Les malades du Covid-19 portant un segment d'ADN de Néandertal, hérité d'un croisement avec le génome humain il y a quelques 60.000 ans, risquent davantage des complications sévères de la maladie, selon des chercheurs.

 

"Il est frappant de constater que l'héritage génétique de Néandertal ait des conséquences si tragiques pendant la pandémie actuelle", a expliqué l’un des co-auteurs de cette étude, publiée dans la revue Nature. Selon les chercheurs du département de génétique de l'Institut allemand Max Planck pour l'évolution anthropologique, le codage génétique hérité de nos lointains cousins de l'espèce humaine, les hommes de Néandertal, pourrait nous rendre par exemple trois fois plus susceptibles d'avoir besoin d'une ventilation mécanique. 

Ces recherches, menées par l'organisation "Covid-19 Host Genetics Initiative", révèlent en effet qu'une variante génétique dans une certaine région du chromosome 3 est associée à des formes plus sévères de la maladie. Cette même région était déjà connue pour abriter du code génétique venant de Néandertal, ce qui a poussé le chercheur Svante Paabo et son collègue et co-auteur de l'étude, Hugo Zeberg, à chercher un lien avec le Covid-19. Il y a beaucoup de raisons pour lesquelles certains patients ont besoin de soins intensifs, alors que d'autres ne présentent que de légers symptômes, voire aucun. L'âge, le sexe masculin, les antécédents médicaux peuvent aggraver l'issue de la maladie. “Mais des facteurs génétiques ont aussi un rôle”, affirment-t-ils. 

 

Le gène présent chez 16% des Européens

Ils révèlent qu'un homme de Neandertal du sud de l'Europe portait un segment génétique quasiment identique, constitué de quelques 50.000 paires de bases, les constituants primaires de l'ADN. Indice révélateur, deux spécimens de Néandertal trouvés dans le sud sibérien, et celui d'une autre espèce, l'homme de Denisova, ne portaient pas le fameux segment.  Les chercheurs en ont conclu que si l'humain moderne et l'homme de Néandertal pouvaient avoir hérité ce fragment de gène d'un ancêtre commun il y a environ un demi-million d'années, il était plus probable qu'il ait été intégré dans le génome humain par des croisements de population plus récents.

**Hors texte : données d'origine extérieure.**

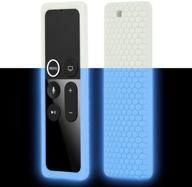 📺 silicone case for apple tv 4k 4th 5th gen remote: full access, anti-slip, shockproof (honeycomb series) – blue glow logo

Ce segment potentiellement dangereux pour les malades du Covid-19 n'est pas distribué de façon homogène à travers le globe, selon l'étude. Environ 16% des Européens le portent, et à peu près la moitié de la population d'Asie du sud, avec la proportion la plus élevée (63%) au Bangladesh. C’est ce qui pourrait d’ailleurs expliquer pourquoi les Bangladais d'origine vivant en Grande-Bretagne ont deux plus de risques de mourir du Covid-19 que la population en général, supposent les auteurs de l'étude. Le segment de gène incriminé est quasiment absent du génome des habitants d'Asie orientale et d'Afrique. Environ 2% de l'ADN des non-Africains trouve son origine dans le génome de l'homme de Neandertal, selon plusieurs études.

L'homme de Denisova a aussi transmis une part de son ADN à l'humain moderne, mais plus modestement à l'échelle du globe. On en retrouve ainsi moins d'1% chez les Asiatiques et Indiens Américains, et environ 5% chez les Aborigènes d'Australie et les populations de Papouasie Nouvelle-Guinée.